Localization is the modification of a product or content to the language or other specification of a particular locale. The process of localization involves changing content to align to what obtains in the region of the target audience. This can include converting currencies and units of measurement and changing the presentation of dates, phone numbers and addresses. This could also mean changing the designation of a cultural group or country for political reasons; for instance, many residents of Taiwan will resent being referred to as “Chinese,” preferring instead the appelation “Taiwanese.”
Localization can also involve alterations to graphical content; most images are of a culture-specific nature, and therefore need to be slightly altered (or completely replaced) in order to seem natural to the intended viewer. The kind of clothing being worn by people in a stock photo, for instance, can immediately tie the content to a specific region of the world. Likewise, a color with positive connotations in one culture may carry negative connotations in a different one. Symbols and icons are another graphical element that are far from universal and may therefore require replacement.
Localization also involves certain aspects of language that are not strictly covered by translation. For instance, idiomatic expressions and proverbs—if not omitted from the source material from the start—will require replacement by a comparable one from the target destination, assuming a suitable correlative actually exists.
In summary, Localization therefore aims to give a product the feeling that it was produced solely for the target audience, irrespective of culture and language.
Competition—both domestic and international—has motivated many companies to begin targeting global audiences; for these companies then it is imperative that their products (especially in the case of interactive software and applications) are compatible with their global consumers’ operating systems, web browsers or other local specifications.
For the most part this process revolves around the translation into the local language of any textual components that the user is likely to interact with, including menus, toolbars and dialogue boxes.

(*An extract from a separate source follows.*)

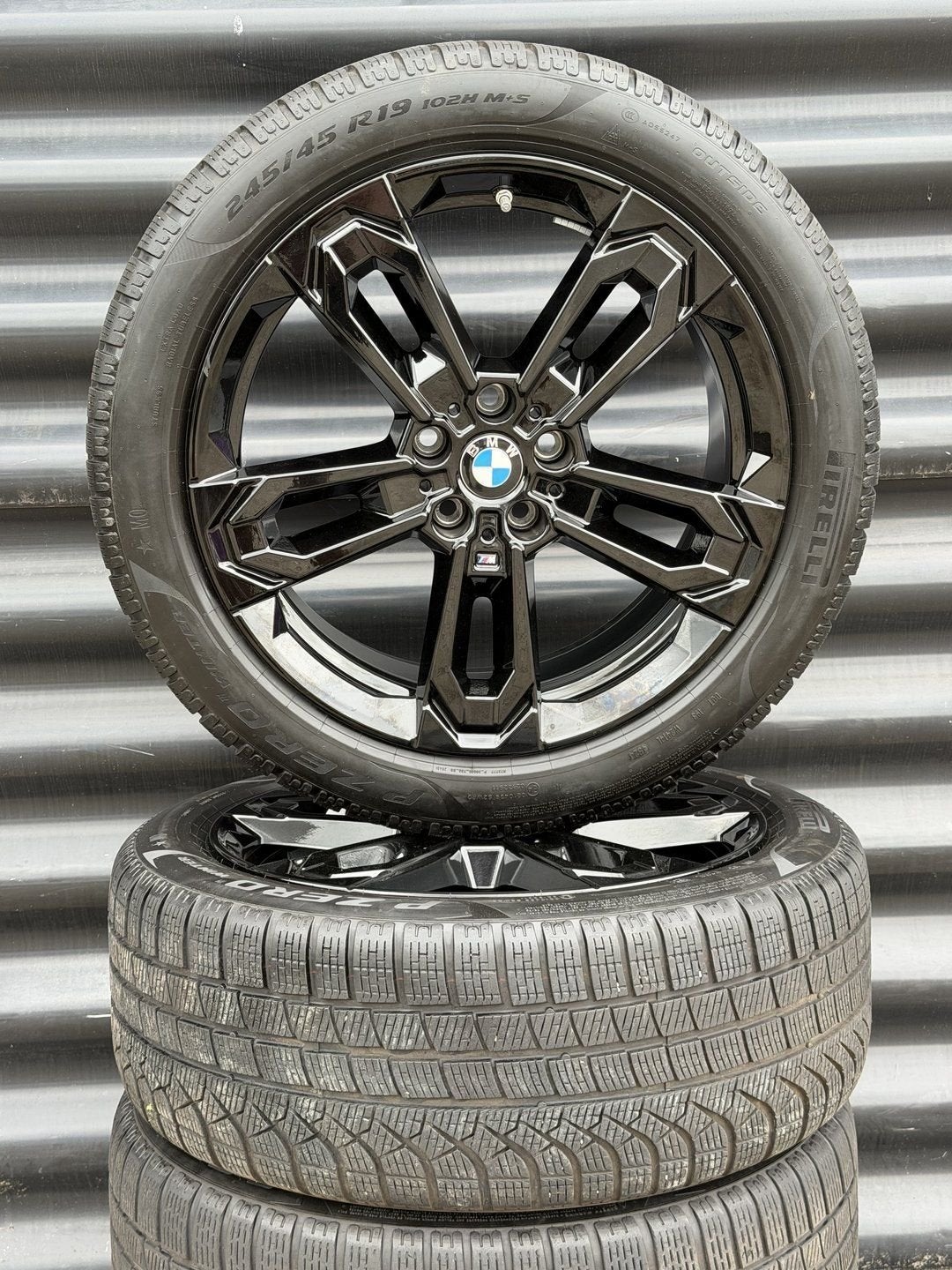 19” Orig BMW M X1 U25 iX1 U11 X2 U10 iX2 Velgen Winterbanden, Gebruikt, -, -, Banden en Velgen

Globalization also involves the various ways in which onscreen text is to be sorted or displayed.
Because this process is mostly linguistic, it makes little sense to recreate applications from scratch every time they need to be prepared for a specific market. Instead, the application to be globalized should initially be coded in such a way that text can easily be replaced without affecting its underlying (non-textual) components.
Globalization is therefore a process that is used to address the challenges of logistics that an organization faces when it expands its content and assets into new markets with different perspectives and cultural beliefs.
The processes involved in globalization include carrying out research and identifying global markets, validating and selecting these markets, formalizing global business requirements, translating into the target audience language and putting their culture into consideration while aligning it and getting support for internalization.
Internationalization involves planning for and implementing products and services such that their localization for the target audience and culture will be easy. A blend of international expertise and technicality is needed to pull this off. New systems are deployed in the process while the ones in use are reengineered. Internationalization helps to ensure that when you roll out your services in the selected target countries, there is cost efficiency in the way you do business.
Internalization processes include making illustrations for documents whereby text is easy to change to another language, creating space in user interfaces in case there is a need for more space during translation into another language, making web site graphics and print such that their translation is not expensive, using examples with global meaning, using tools that are able to give support to international character sets and making sure that there is data space in software so that messages can be translated from a source language with single-byte character codes to the language of the target audience language that has to make use of multiple-byte character codes.